Similmente un anno fa Putin si affidò alla Wagner e al suo capo per vincere alcuni tra gli scontri più cruenti combattuti in Ucraina. Ex post, visti gli esiti dell’alleanza, probabilmente allora sopravvalutò la lealtà del “cuoco del Cremlino” e parallelamente ne sottovalutò le ambizioni, decisamente accresciute dalle vittorie sul campo, ottenute dando prova
di feroce determinazione, a fronte degli insuccessi, delle ingenti perdite e delle inefficienze delle forze regolari russe. Sta di fatto che Prigogin, ringalluzzito dai successi, si è sentito in dovere di criticare apertamente, a più riprese, i vertici militari della Federazione russa e di denigrare i metodi con cui la guerra veniva condotta, ossia la strategia, inefficace al raggiungimento degli obbiettivi dichiarati. 

Come è per la guerra Russia – Ucraina, ma con tinte diverse, è per la guerra Israele-Palestina-Iran dal punto di vista della logica della forza. Hamas il 7 ottobre fa una strage e prende ostaggi innocenti. Israele risponde con la tragica vicenda di Gaza e 35000 morti palestinesi. Successivamente Israele colpisce l’ambasciata in Siria dell’Iran facendo una ‘operazione chirurgica’

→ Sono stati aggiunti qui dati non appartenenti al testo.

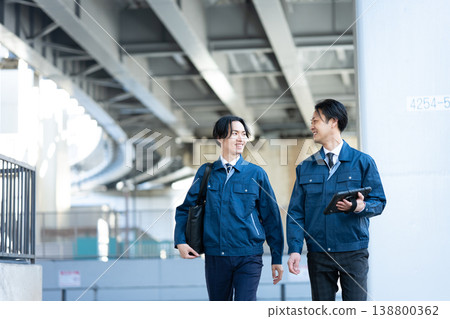 Engineers having a conversation 138800362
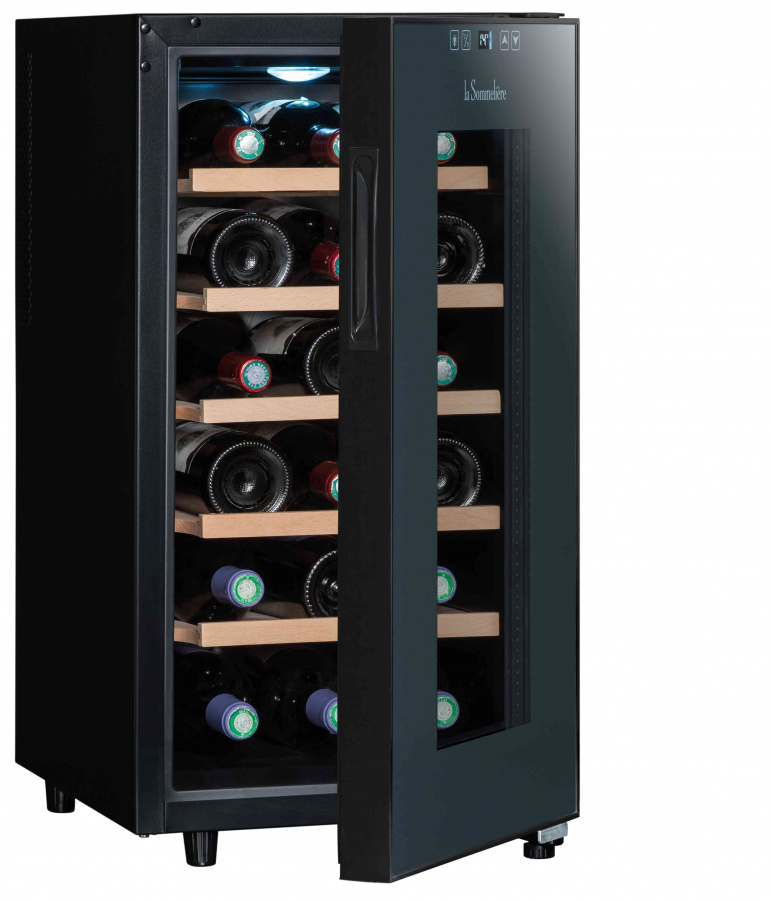 Монотемпературный винный шкаф, LaSommeliere модель LS18CB
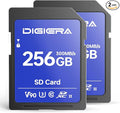 256GB LSU200 SDXC UHS-II Memory Card - up to 300MB/s, C10, U3, V90, 8K, SD Card for Computers, Digital Cameras, Home Theatre Devices, Car Navigation Systems (2 Pack)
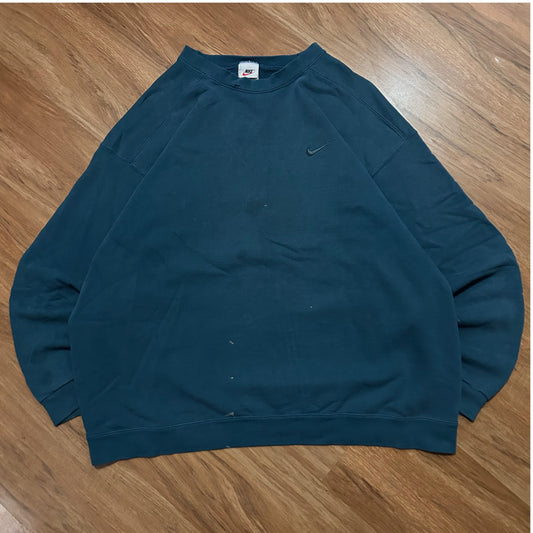 (XL) Vintage 90s Nike Sportswear Embroidered Swoosh Pullover Crewneck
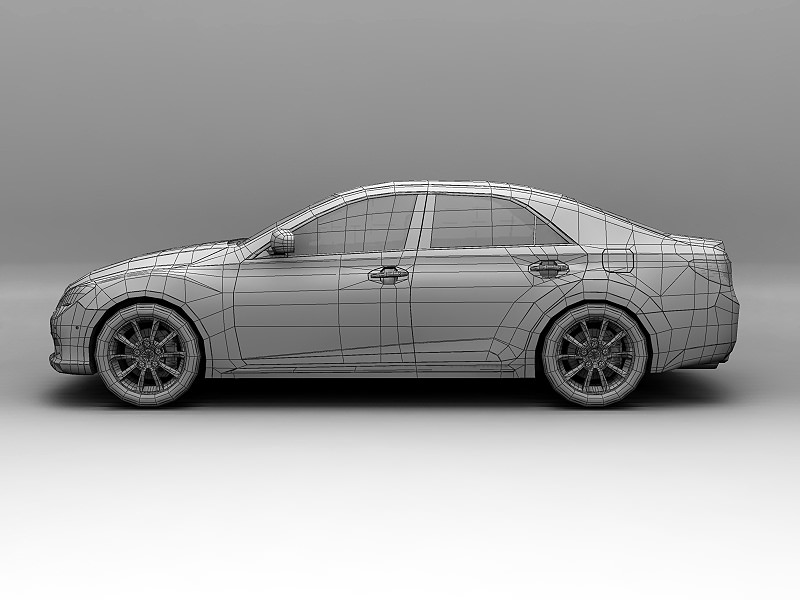 2010 Toyota Mark X 3D model_8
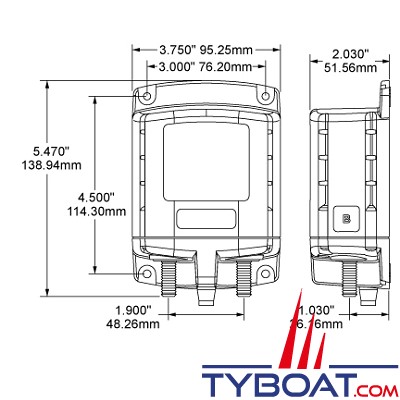 Blue Sea Systems - Relais de charge ml 500a 12v acr - 7620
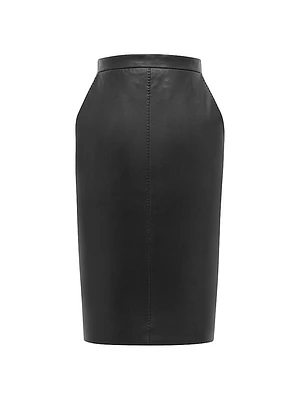Pencil Skirt in Lambskin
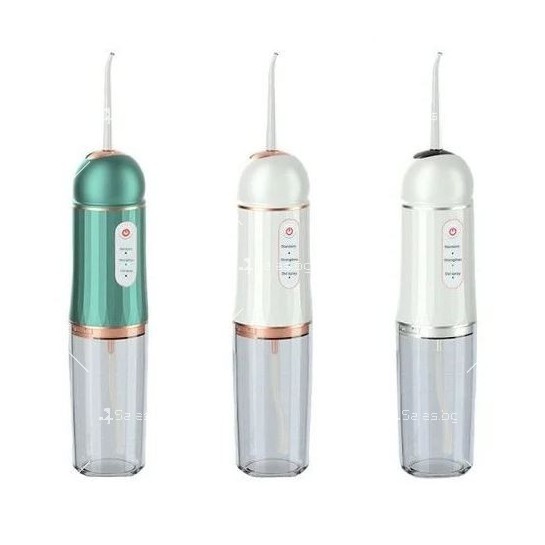 Портативен зъбен душ с мощна водна струя и 4 различни приставки TV1124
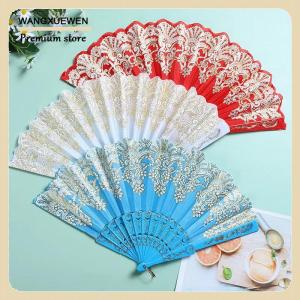 [COD] Cổ Điển Ren Gấp Fan Dance Cầm Tay Người Hâm Mộ Trung Quốc Khiêu Vũ Fan Ảnh Đạo Cụ Đám Cưới Đảng Trang Trí Trang Trí Thủ Công Quà Tặng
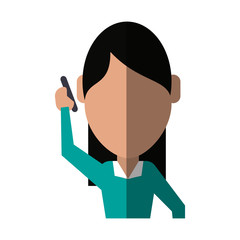 faceless person using smartphone icon image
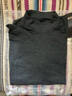 恒源祥純棉半高領(lǐng)長(cháng)袖T恤春秋中領(lǐng)打底衫男士體恤純白色中老年上衣服男 深灰色 XL (140斤左右) 曬單實(shí)拍圖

contro i pasdaran. L’Iran, da sempre dichiaratamente intenzionato a distruggere lo Stato di Israele, ha bisogno di far vedere i muscoli al suo popolo e ad Israele, colpendolo direttamente sui suoi territori. Ora aspettiamo la risposta annunciata
da Israele. Fin dove si arriverà? Ad ognuno dei contendenti interessa rivendicare forza e deterrenza, senza alcun riguardo alle popolazioni civili che ne patiscono le conseguenze.
Sullo sfondo c’è un conflitto pluriennale in cui le parti, impegnate ad affermare la propria potenza, danno sfogo alla ferocia, che le rende insensibili alle proteste, alle piazze, alle vite troncate, alla famiglie distrutte.
Per questa via la pace è una chimera, dato che non c’è chi comincia a rinunciare alla vendetta, aprendo forse la strada ad una attenuazione dell’astio pregiudiziale di popoli secolarmente e pregiudizialmente nemici. Di fatto, mentre a suo modo l’equilibrio del terrore riuscì a funzionare, attualmente ci troviamo di fronte a una fase di violenza crescente e incontrollabile parallela all’aumento delle disuguaglianze che in un’epoca di globalizzazione generano la violenza e la guerra di tutti contro tutti. All’equilibrio del terrore non succede una pace perpetua, ma una generalizzata e permanente conflittualità.